▶ [Your instructions]: The output should match, line for line, the records from the line containing "2019 Ford Transit" through the line containing "6E7 2304, Skoda", with every picture left out.

Caption-style text data

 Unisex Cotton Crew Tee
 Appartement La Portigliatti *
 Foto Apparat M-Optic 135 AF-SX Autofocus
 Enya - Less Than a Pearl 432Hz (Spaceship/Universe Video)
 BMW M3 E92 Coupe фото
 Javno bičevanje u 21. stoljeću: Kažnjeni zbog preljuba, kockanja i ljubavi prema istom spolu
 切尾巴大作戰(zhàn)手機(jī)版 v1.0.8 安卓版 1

* * *

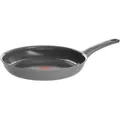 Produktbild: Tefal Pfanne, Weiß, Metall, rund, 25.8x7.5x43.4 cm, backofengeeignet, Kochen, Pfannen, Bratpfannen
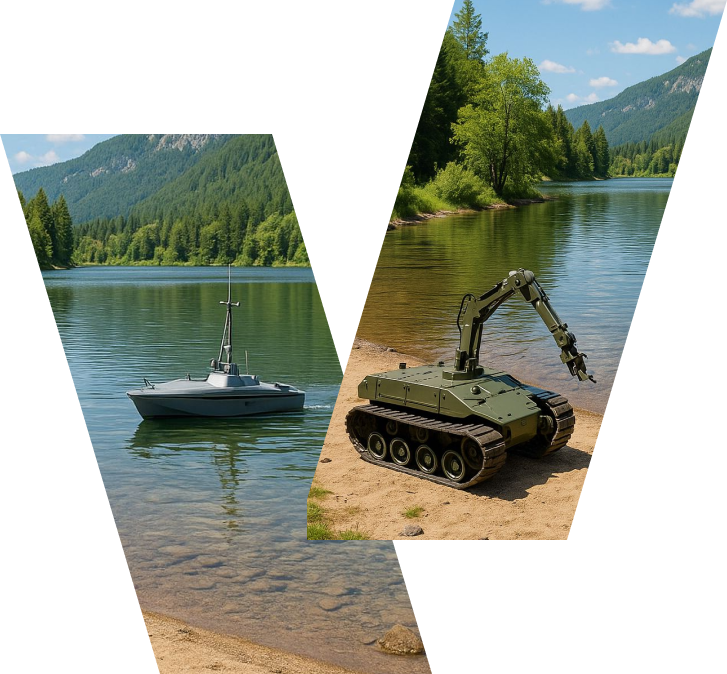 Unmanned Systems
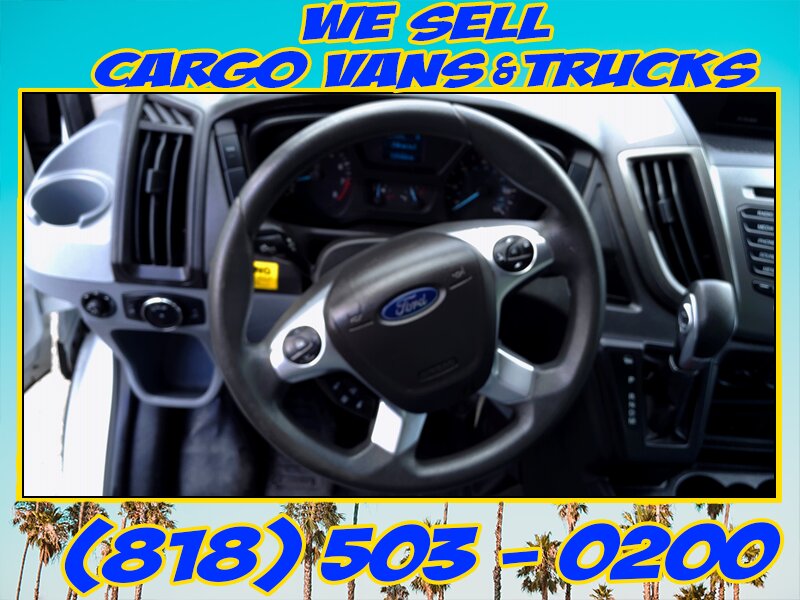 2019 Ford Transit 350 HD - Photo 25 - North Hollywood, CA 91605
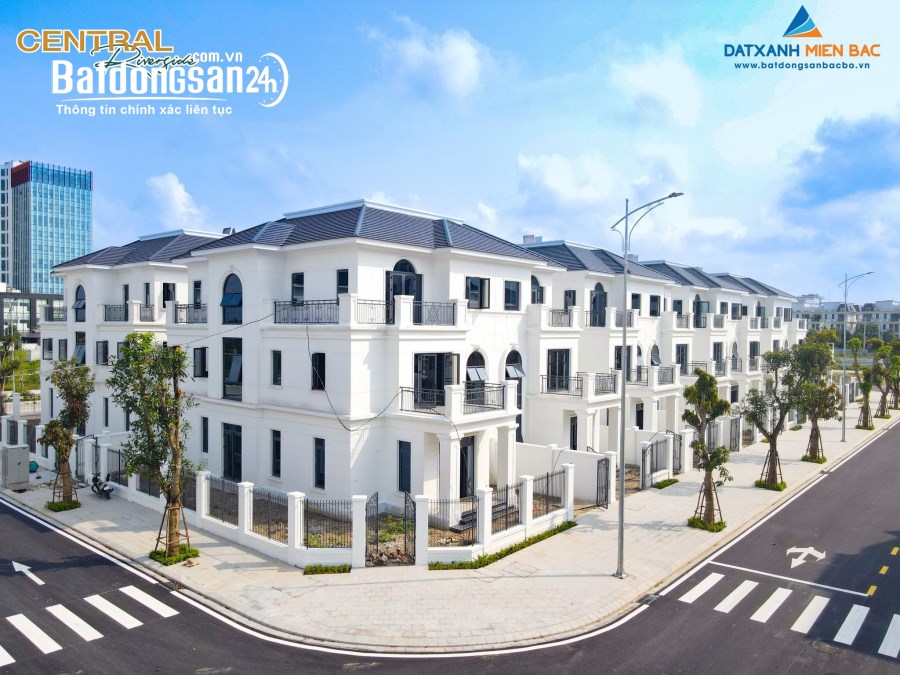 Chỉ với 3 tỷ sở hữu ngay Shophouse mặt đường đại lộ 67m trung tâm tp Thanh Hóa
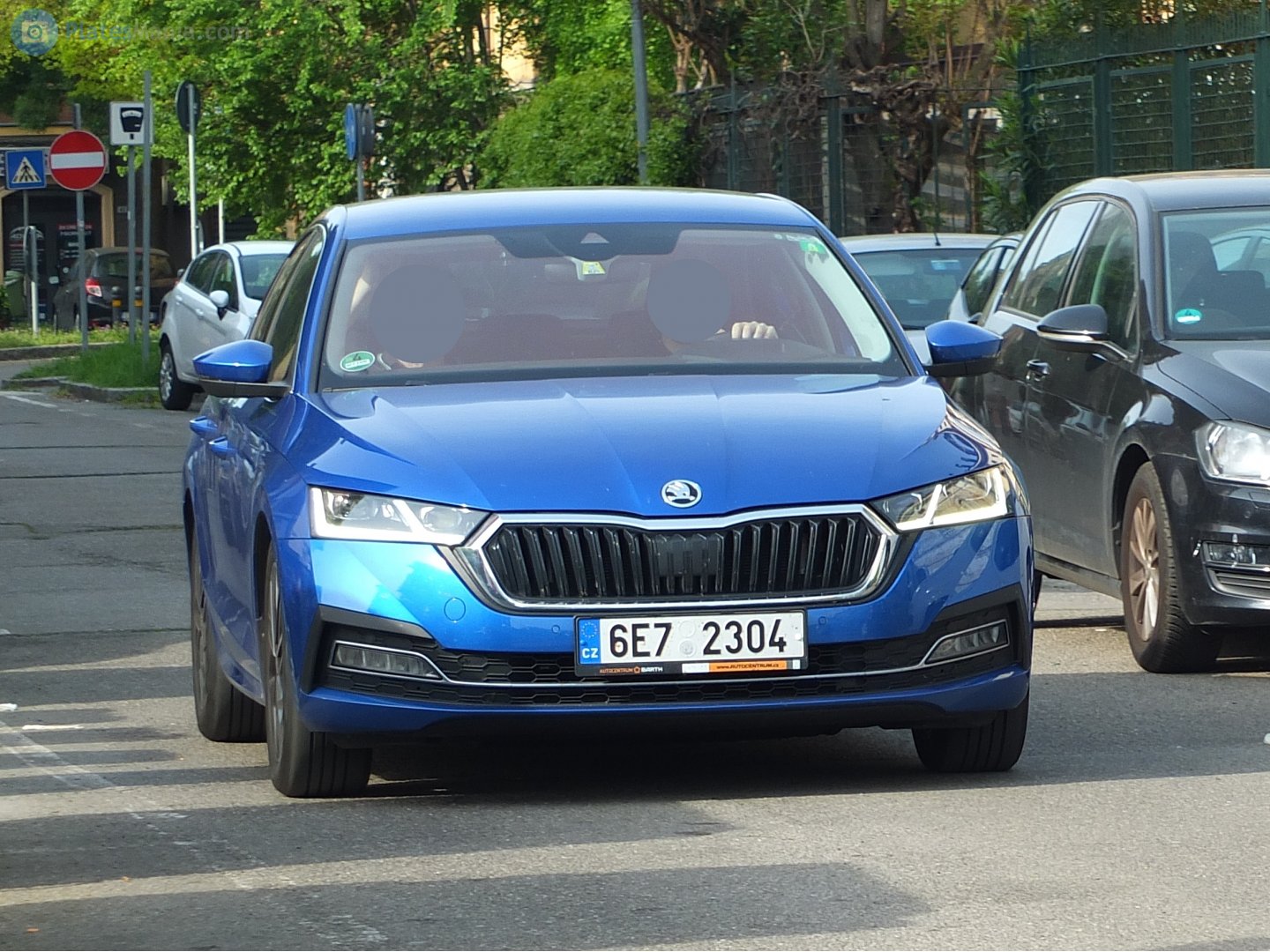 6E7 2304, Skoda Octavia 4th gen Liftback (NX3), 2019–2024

▶ [Written solution]:
 2019 Ford Transit 350 HD - Photo 25 - North Hollywood, CA 91605
 Chỉ với 3 tỷ sở hữu ngay Shophouse mặt đường đại lộ 67m trung tâm tp Thanh Hóa
 6E7 2304, Skoda Octavia 4th gen Liftback (NX3), 2019–2024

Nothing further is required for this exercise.